YOUR ASSIGNMENT >>
From the line with "Perfume Dama Paris" down to the final line of the material, please transcribe everything exactly, but leave the pictures out.

EXERCISE DATA >>
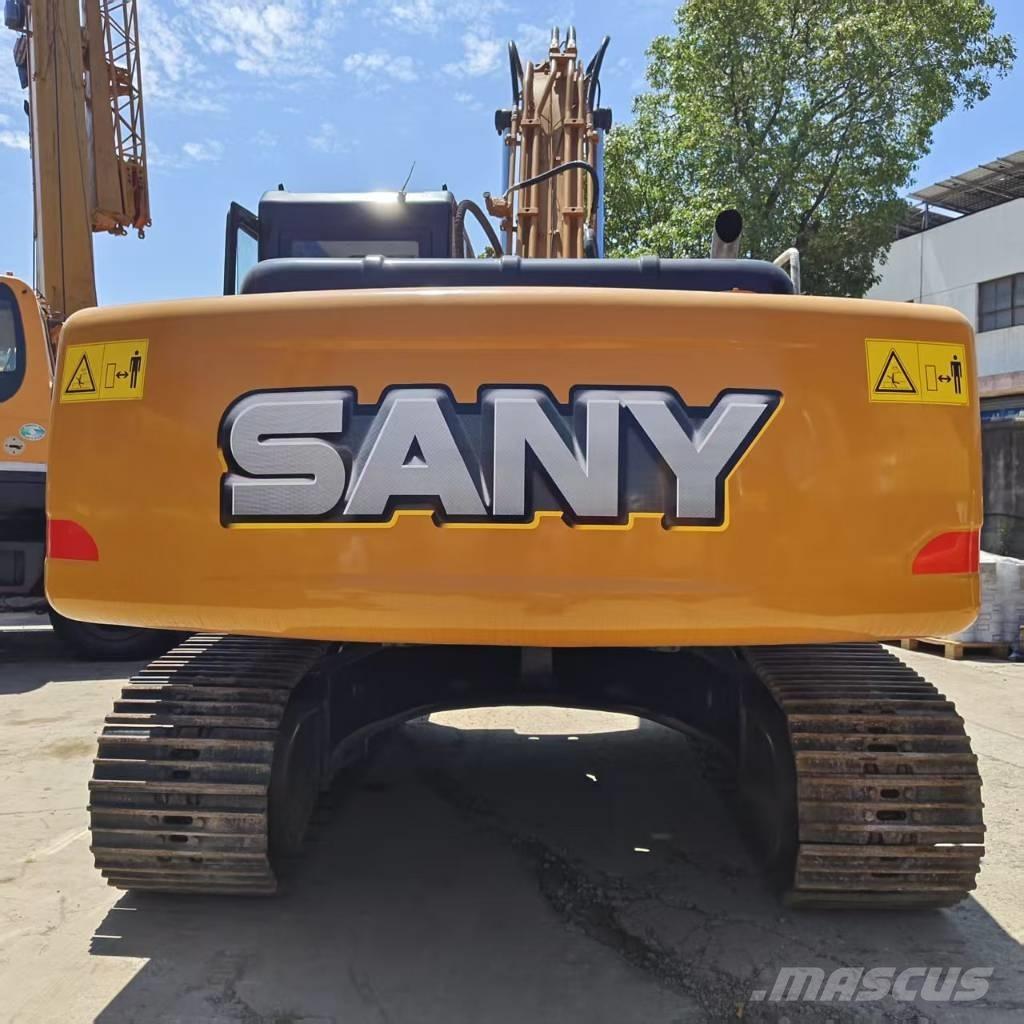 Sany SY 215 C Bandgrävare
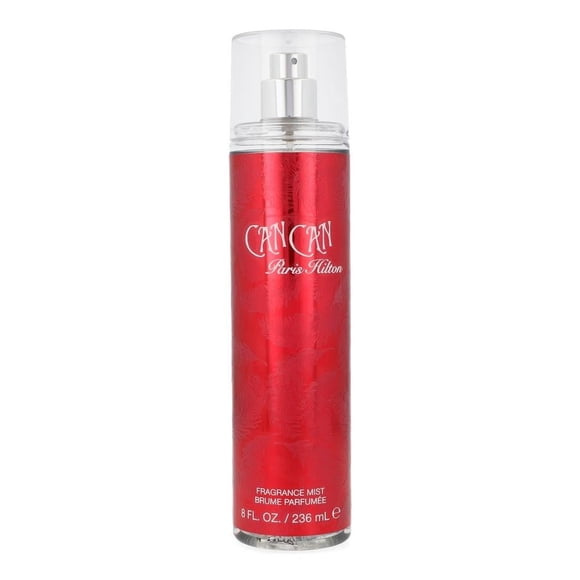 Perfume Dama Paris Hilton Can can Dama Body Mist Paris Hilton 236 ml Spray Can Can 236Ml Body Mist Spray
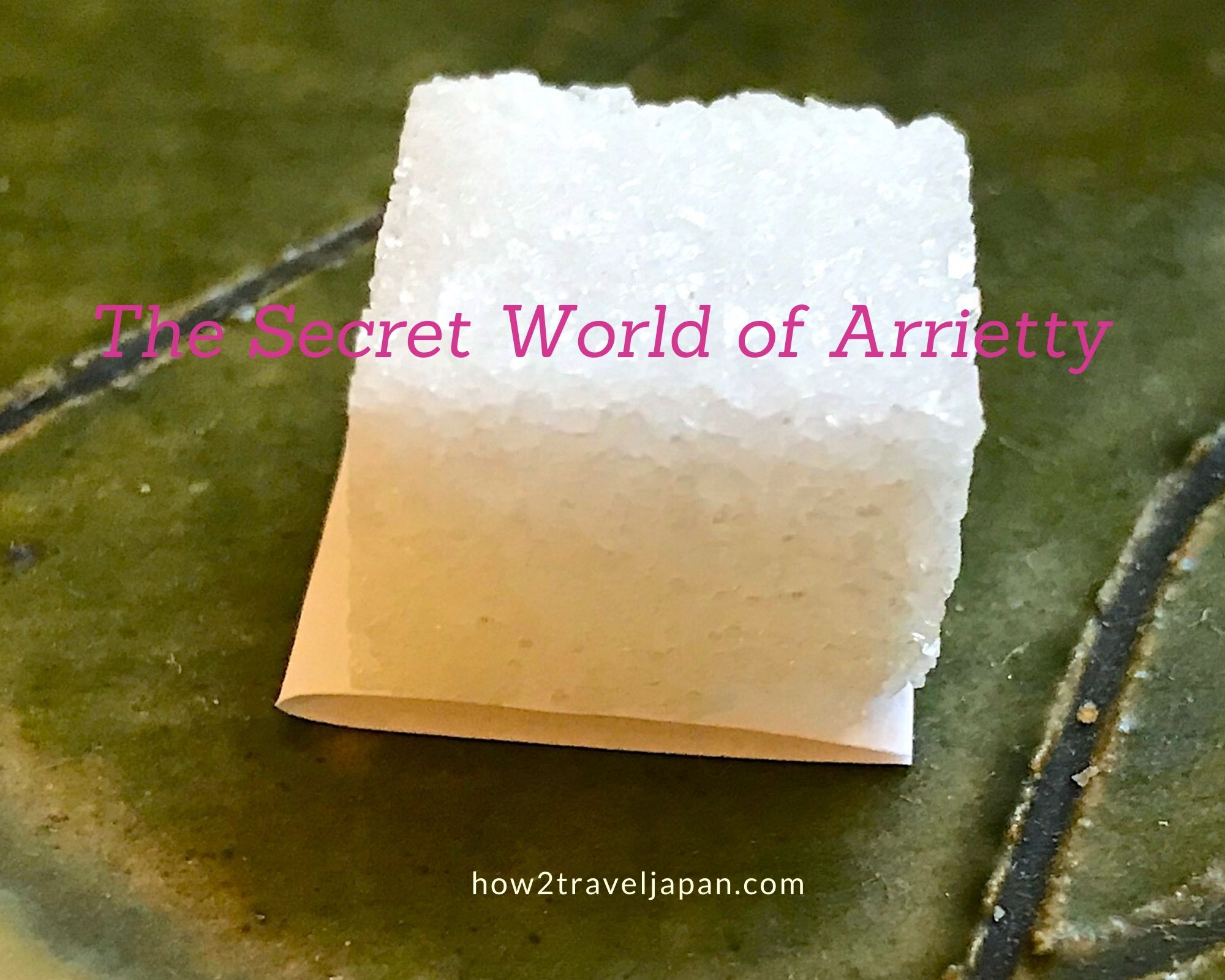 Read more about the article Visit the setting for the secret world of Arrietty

YOUR RESPONSE >>
 Perfume Dama Paris Hilton Can can Dama Body Mist Paris Hilton 236 ml Spray Can Can 236Ml Body Mist Spray
 Read more about the article Visit the setting for the secret world of Arrietty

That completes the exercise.